ケアレスミスについては、聞き逃さないようにメモを取ったり、やることリストを作ったり、毎朝やることや期限を確認する習慣をつけたりすることが対策になります。
発達障害のグレーゾーンは、面接の際に自分の特性を説明することが難しく、周囲の理解を得にくいです。こだわりが強く、自分中心で仕事を進めてしまい、周囲に変わった人と思われ、職場に適応できなかったり、過去の失敗に囚われて、「うまくやらねば」と過剰適応になり、人の顔色をうかがいすぎて疲弊してしまったりすることがあります。
仕事を選ぶ際で次のようなことは把握しておくと、役に立ちます。
1.自分の得意不得意を把握しておく
グレーゾーンは、診断はついていなくても、実際に生活で困っていることや生きにくさがあることが多いです。自分ではわからなくても、家族や親しい友人に聞くと、特性が見えてくることがあります。自分の得意不得意を把握するために、専門医療機関でアドバイスを受けるのもいいでしょう。診断がつかなくても、知能検査や社会適応検査で見えてくるものがあり、そのデータを面接でも活かすことができます。
2.可能であれば面接のときに、自分の特性を伝えてみる
クローズ就労(発達障害などを伝えずに就業すること)を選ぶ人も多いですが、自分の特性を伝えない場合は、苦手な仕事を任されたり、ほかの人と同じ成果を求められたりすることがあります。それで転職を繰り返す人も多いですが、そのうち心が折れてしまうこともあるため、
可能であれば勇気を出して自分の苦手なことを伝えてみるといいでしょう。
それと同時に、苦手なことについて自分が対処している方法を伝え、部署の上司や同僚に理解を求める場合は、「こうしてもらえると助かる」という依頼を具体的に伝えるといいと思います。
たとえば、マルチタスクが苦手で、一度に複数の指示があると混乱しやすい場合は、「優先順位をつけてもらえると助かる」といったことをお願いしておくといいでしょう。
3.会社のワークスタイルや研修制度など、会社の体制を調べてみる
たとえば、最近増えているリモートワークは、ひとりで黙々とこなす業務内容も多く、対人関係が苦手で、専門スキルをすでに持っている人に向いています。しかし、教えてもらわないといけない立場で、特定のスキルがない場合は、リモートで人とやりとりすることがかえって苦痛になってしまうことがありますので、面接で詳しく確認することが大切です。

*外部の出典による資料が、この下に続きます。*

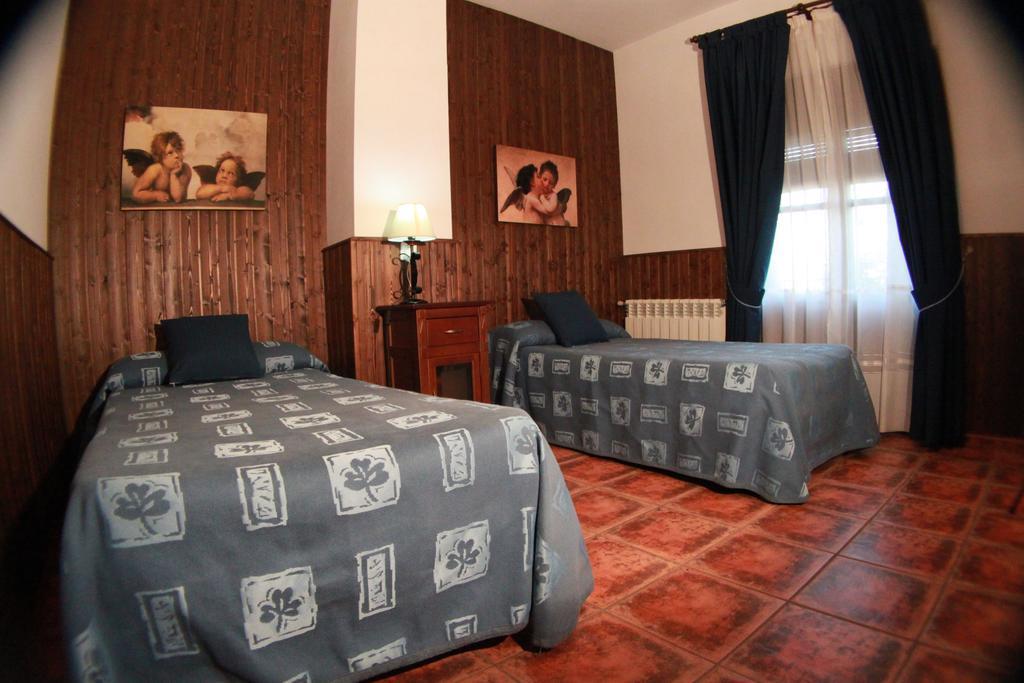 Casa Rural Peña Falcón Torrejón el Rubio Exterior foto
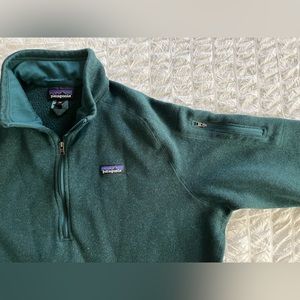 Patagonia quarter zip pull over women’s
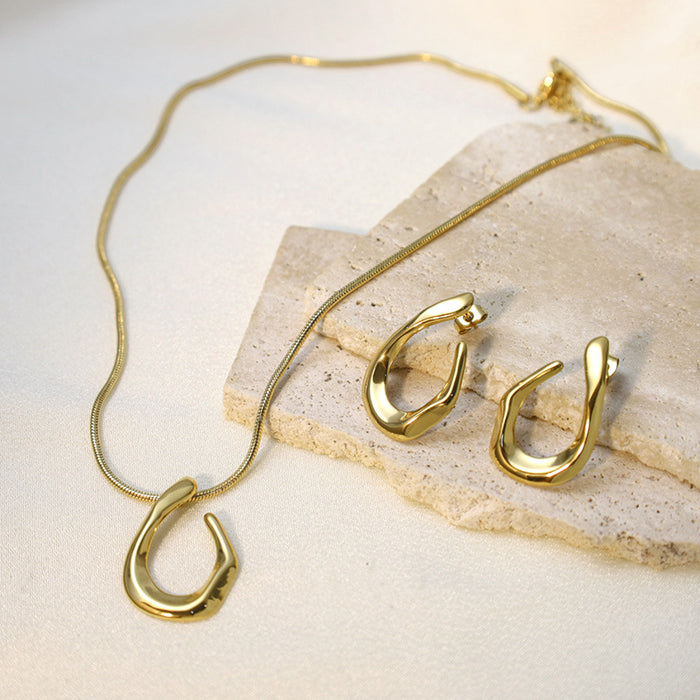 Wholesale Metallic style,  sweet and cool irregular geometric U-shaped earrings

研修やサポート体制、異動の頻度などについても、調べられるのであれば、知っておくと安心です。
一言にグレーゾーンといっても、程度や特性は様々ですが、傾向によって次のような仕事が向いているといえます。
おもに自閉スペクトラム症(ASD)傾向がある人
人との深いやりとりや臨機応変に対応することが苦手でも、興味のあることには追究心と集中力があるので、それを活かす仕事が向いています。
研究職、エンジニア、アナリスト、プログラマーなど、主に専門スキルをもって、黙々とこなすような仕事が合っていると感じる人が多いようです。
おもに注意欠如・多動性障害(ADHD)傾向がある人
一つのことに集中することや単調なことは苦手ですが、刺激が多く、複数の視点をもって関わるようなクリエイティブな仕事には向いています。
様々な人と話すのが好きな人が多いので、対人関係の仕事も向いています。たとえば、営業職、販売業、マスコミ関係、芸術や音楽関係などの仕事が合っていると感じる人が多いようです。
就職活動でも就職後も、発達障害のグレーゾーンの様々な悩みは尽きないと思います。
会社の上司や同僚に相談することも大事ですが、専門職や関連機関と連携をとると、解決のヒントになるでしょう。
以下に、就労の相談やアドバイスを受けられる機関について挙げておきます。
1.発達障害者支援センター
発達障害者支援センターは、都道府県にある専門機関で、大人から子どもまで、発達障害に関する相談にのっています。診断がつかなくても利用でき、診断の相談も可能です。
発達の凸凹を知り、就労のアドバイスを受けるのも参考になるでしょう。
2.地域の医療機関
発達障害を専門としている医師に相談してみるのもいいでしょう。
家族と一緒に受診に行き、自分では気が付かない特性を家族から医師に相談してもらうと、新たな発見が見つかることがあります。
3.就労移行支援事業所
就労移行支援事業所では、障害のある方が仕事に必要なスキルなどを身につけるための支援を行っています。自治体の障害担当者に相談し、受給者証が発行されると利用できます。
一人で就職活動、転職活動をして、就職してからのことが不安な方も利用してみるといいと思います。
4.ハローワーク
ハローワークは障害のある方向けの窓口を設けているところもありますので、転職を繰り返していて、一般就労は難しいと思われる場合は、相談してみるといいでしょう。
ただし、発達障害の専門窓口ではないので、特性や苦手なことは自分でまとめておきましょう。
5.カウンセリング
発達障害に詳しいカウンセラーや仕事の相談を受けてきたカウンセラーなどに相談してみると、自分の仕事に対する特徴や意識した方がいいことなどが見えてきます。
ひとりで悩んだり、家族や友人に相談したりしても、納得いかないことが多い方は、カウンセラーに相談してみると、就労に活かせるヒントが得られるかもしれません。
発達障害のグレーゾーンは、本人や周りの人がもやもやと悩んでしまうことが多いと思います。
生活の悩みや仕事の悩みなど、特に社会生活のなかで困ることが多いですが、二次的な心の問題を防ぐためにも、早めに専門職などに相談して、対応を考えることが大事です。